The shot clock in basketball was first introduced by the National Basketball Association in 1954 to rescue fans from boredom. Stall tactics had slowed the game down. Recently baseball installed its own clock to reduce the amount of time between pitches. It seems to me we need to install a shot clock of sorts to govern affairs of the Talbot Planning Commission and County Council regarding Lakeside development.
Objections to the unrestricted development of up to 2,500 homes in Trappe along Highway 50 have been made and then made again. And again. I guess the advocates to revisit Lakeside, through responsible government agencies, believe physics will eventually force definitive action.
Members of local legislative organizations are chosen to make decisions. As are those appointed to government commissions. Persons presumably seek out these positions to become local leaders. Leaders make decisions.
It is hard for me to believe that our County officials can study the history of this broken process and not be embarrassed.

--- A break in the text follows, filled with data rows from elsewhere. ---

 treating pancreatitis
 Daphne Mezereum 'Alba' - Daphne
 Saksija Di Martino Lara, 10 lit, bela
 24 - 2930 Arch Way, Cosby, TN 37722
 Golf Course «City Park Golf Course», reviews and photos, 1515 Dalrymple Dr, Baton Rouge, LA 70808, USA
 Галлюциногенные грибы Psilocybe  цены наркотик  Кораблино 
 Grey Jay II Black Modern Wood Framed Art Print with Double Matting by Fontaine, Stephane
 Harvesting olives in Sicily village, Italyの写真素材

And especially embarrassed given the stakes. The only stakes on the table: the environment, the quality of education, traffic safety, and law enforcement. Simply stated if Trappe’s population triples in less than a generation the ramifications of a population explosion will collide with public budgets and responsibilities. Today’s leaders will bequeath to succeeding ones a real mess, not just a procedural one.

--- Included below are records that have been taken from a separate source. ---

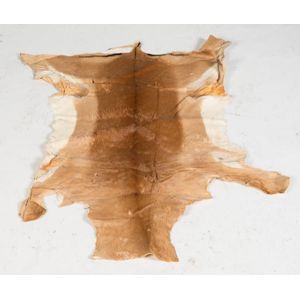 An African Impala skin, Tanzania, mid 20th century. 120 x 110 cm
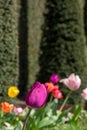 Well manicured yew hedge with colourful tulips in the garden at Ham House, Richmond upon Thames, London UK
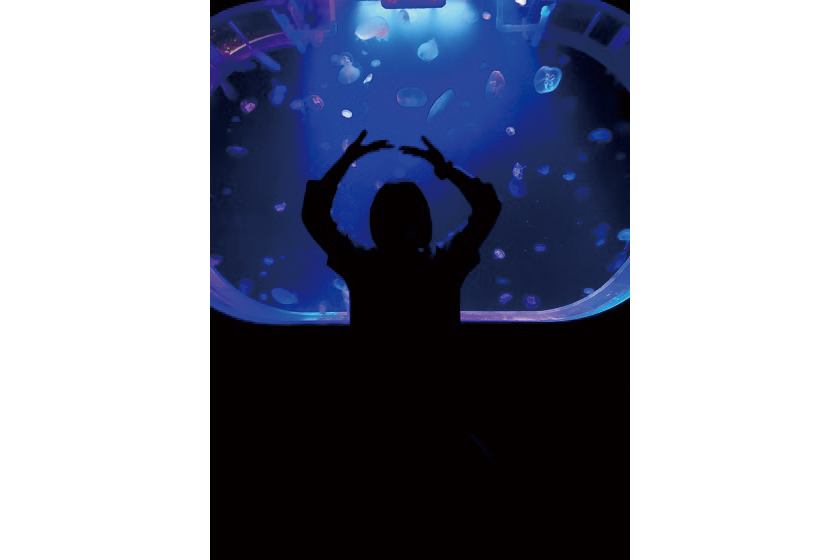 くしろ水族館 ぷくぷく-ジェリーフィッシュ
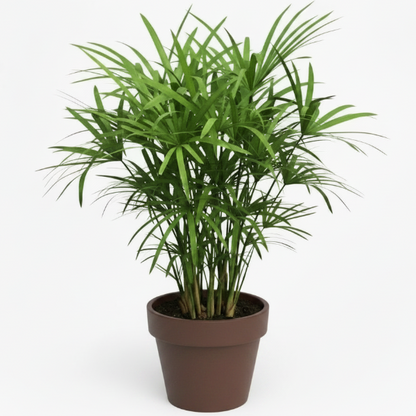 Cyperus Alternifolius, Umbrella Sedge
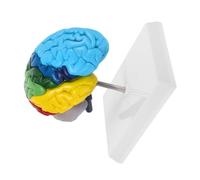 Amosfun Desmontable para Educación Médica con Etiquetas de Colores Resistente y Preciso para Enseñanza Neurociencia y Ciencias
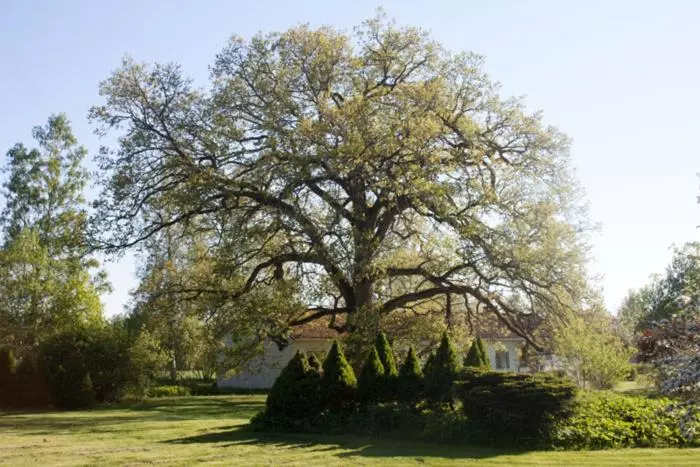 Pensionat Klåvasten
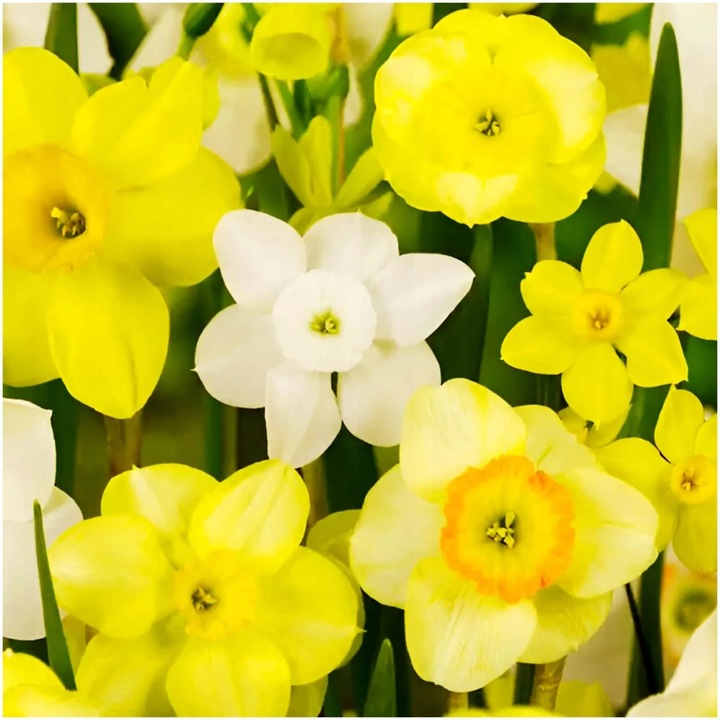 NARCYZ cebulki MIX BOTANICZNY odporne i trwałe 100 szt. + GRATIS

Regardless, make decisions. Put the questions on the clock. Move on. Hopefully we, all of us, will not have to look back with regret.

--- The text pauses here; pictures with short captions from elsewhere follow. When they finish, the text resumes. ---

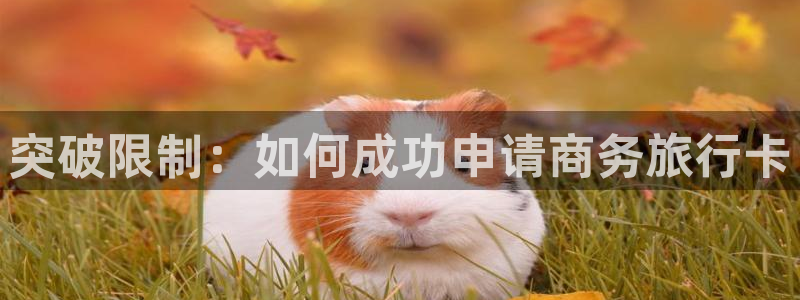 “海角社区精品在线：突破限制：如何成功申请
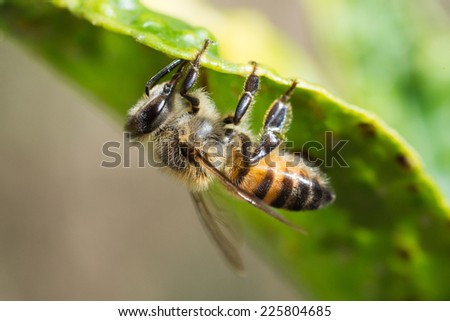 An African bee feeding on honeydew from aphids under a lemon leaf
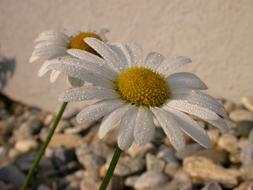 Marguerite Dew Blossom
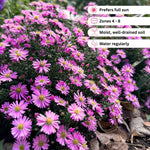 Aster Plants Live, Asters Perennial Live Plants, Vibrant Pink Blooms, 5 to 7 Inches Tall, Ideal for Indoor Outdoor Gardening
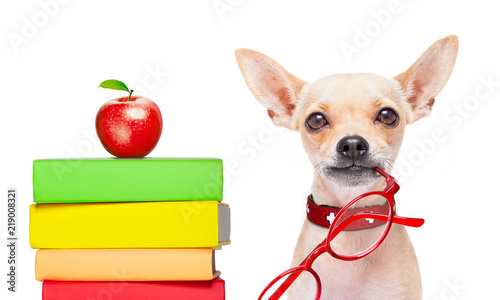 smart dog and books © Javier brosch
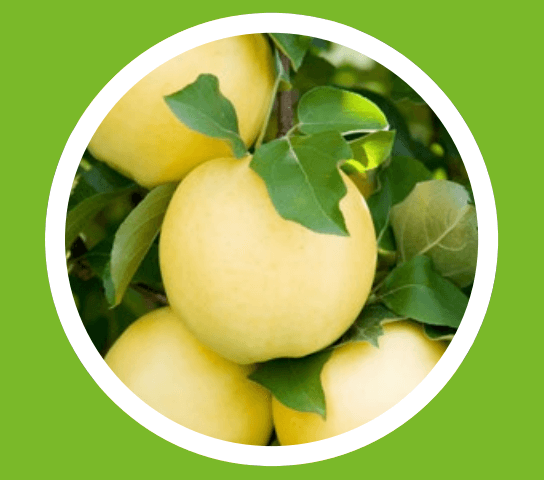 Защита урожая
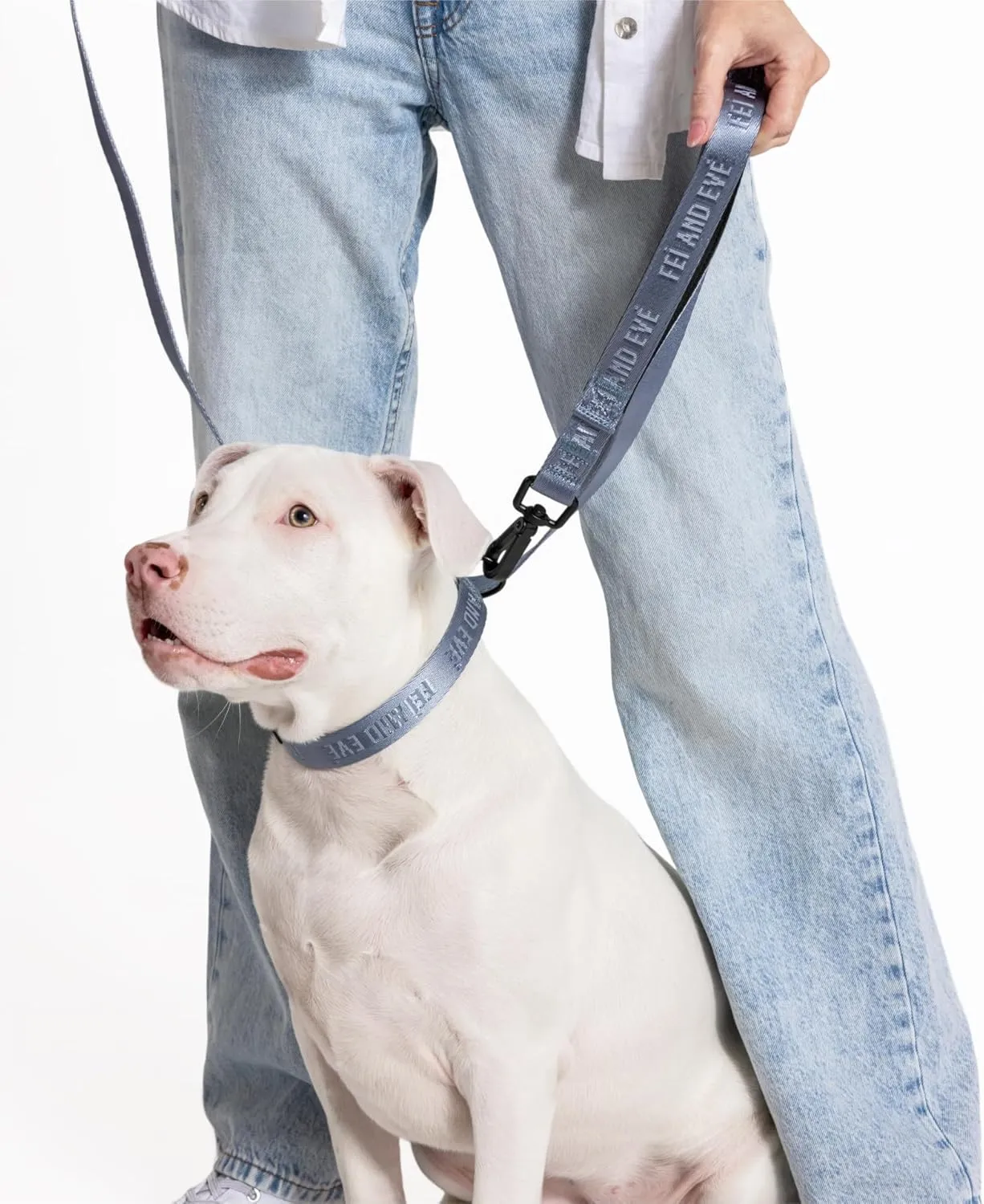 2025 New Edition, Fei & Eve MagEase Dog Collar - Patented Magnetic Buckles | Fur-Safe | Premium 210D Nylon | 450LB Escape-Proof | Adjustable Fit | Small (Dusk Blue)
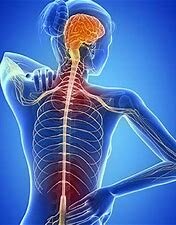 Su condición medica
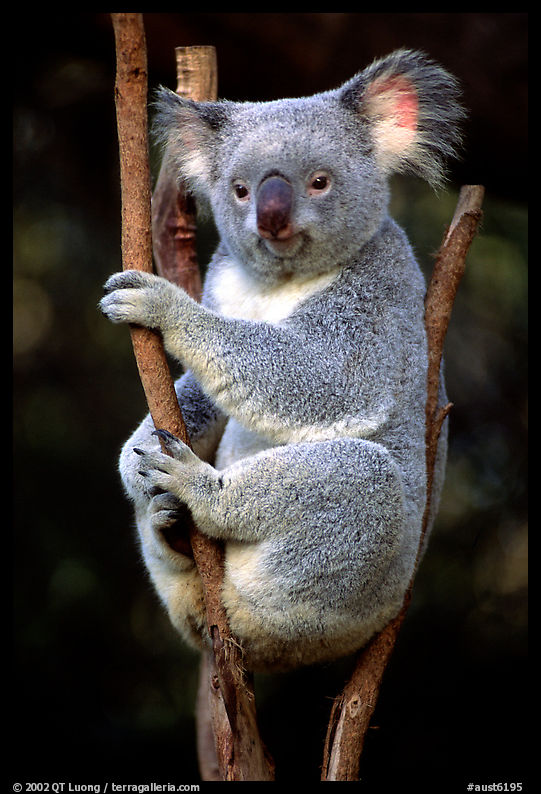 Koala. Australia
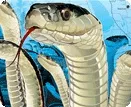 Reptile Ritual / Rituel des Reptiles - The Snakes of Narcisse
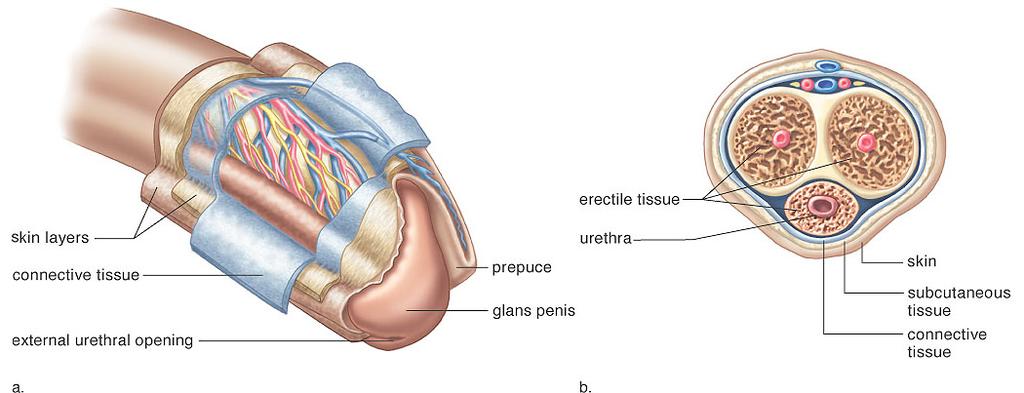 Orgasm in Males Penis has a long shaft and an enlarged tip, glans penis. During sexual arousal, autonomic nerve impulses cause erectile tissue to fill with blood.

Al Sikes is the former Chair of the Federal Communications Commission under George H.W. Bush. Al writes on themes from his book, Culture Leads Leaders Follow published by Koehler Books.
Michael Davis says
Thank you, and thank all the people who continue to fight for reasonable development in Talbot County.
I’ve not seen one thing that refutes the claim that the approval of the unrestricted Lakeside Development was based on a lie. The County attorney consistently writes that no one has authority to stop the developers of Lakeside from doing whatever they want. The head of the Talbot County Council continues to support Lakeside while not saying one word about where all the money is going to come from for schools, roads, and law enforcement. The little quaint sweet town of Trappe, bless their hearts, approved the development based on a lie after the good folks in Denton had enough smarts to reject it. So Trappe continues to support it rather than admit they made a terrible mistake that negatively affects everyone else in Talbot County. This is a classic cluster.
Once again I will write the powers that be and hope they exercise some authority for the good of our fragile environment and for the good of the people already living here.
William Keppen says
I suppose you could find something good to say about the way the elected officials of Talbot County and other involved venues that have had their figures in this matter, to be polite, but don’t know what it possibly could be. The existing taxpayers and the environment should not be victimized by underfunded development, plain and simple. Do your job, for those that elected you. If proposed housing development requires infrastructure improvements, those cost should fall to developers and people who purchase their products, once again, plain and simple. That’s explaining it like you would to three-year-olds.
Laura claggett says
Of course we all want the uncertainty to end, but it’s more important that Talbot County get it right rather than get it over with. We are dealing with corruption in our local land use approval process, and MDE’s directive to “fix the map” must result in Lakeside being required, for the first time, to undergo a proper review for consistency with our Comp Plan.
This is not a game. For the future and integrity of Talbot County, the Planning Commission must find R348 inconsistent — because it’s the right and honest thing to do.
Reed Fawell 3 says
I endorse Laura’s message. Try truth for a change.
Eva M. Smorzaniuk says
Thank you for highlighting the fact that our county officials/leaders have been dragging this process on way too long. It begs the question “why?” and causes concern over the power of developers over citizens and the common good. Two of our county council members are willing to engage; what’s up with the other three? Clearly the barrage of public opinion doesn’t seem to move them to action.